Scipy.stats Confidence Intervals for T-distribution are different than when calculated by hand

I’m trying to find the 95 percent confidence interval of the mean using the given array. The problem is whenever I try using the interval method from stats.t, it gives me a different result than my hand calculated confidence interval. Could I have been inadvertently using the interval method incorrectly?

I’ve attached the code which I used below.

# find a 95 percent confidence interval for the mean weight of a popcorn bag
data = np.array([91, 101, 98, 98, 103, 97, 102, 105, 94, 90])

sMu = np.mean(data)
sSigma = np.std(data)
sem = stats.sem(data)
n = len(data)
df = n - 1

dist = stats.t(df)
critical_value = dist.ppf(0.975)

print(dist.interval(0.975, loc=sMu, scale=sem))
print(stats.t.interval(0.975, df=9, loc=sMu, scale=sem))

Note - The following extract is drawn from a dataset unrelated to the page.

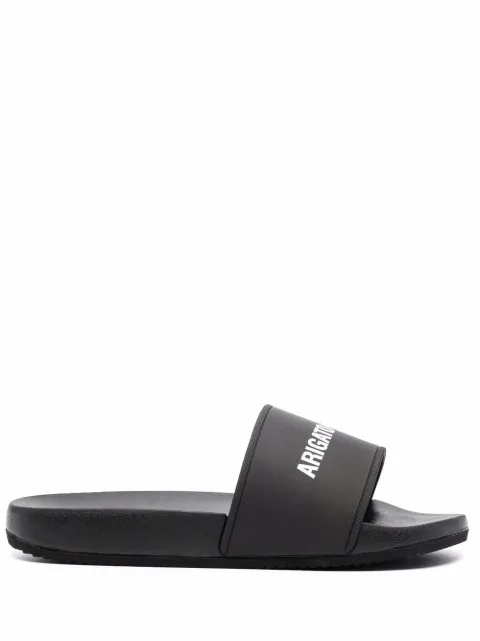Axel Arigato logo-print slides Black 77004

upper = sMu + (sem * critical_value)
lower = sMu - (sem * critical_value)
print('Manually Calculated: ', upper,' ', lower)

The ppf method (percent point function) of the t-distribution is used to find the critical value corresponding to a given level of confidence. In this case, you want to find the critical value for a 95% confidence interval, which corresponds to 0.975 in the t-distribution. The reason for using 0.975 is that the critical value is associated with the upper tail of the t-distribution, and you need to find the value that leaves 2.5% of the probability in the tail (to get the middle 95% confidence interval).

But, the interval method is used to calculate a confidence interval directly from the distribution object. So, you have to pass 0.95 (instead of 0.975) as the first argument to get a 95% confidence interval. The method internally takes care of finding the critical values corresponding to the given level of confidence. With that being said, simply replace the value of 0.975 with 0.95 in the following two lines:

print(dist.interval(0.95, loc=sMu, scale=sem))
print(stats.t.interval(0.95, df=9, loc=sMu, scale=sem))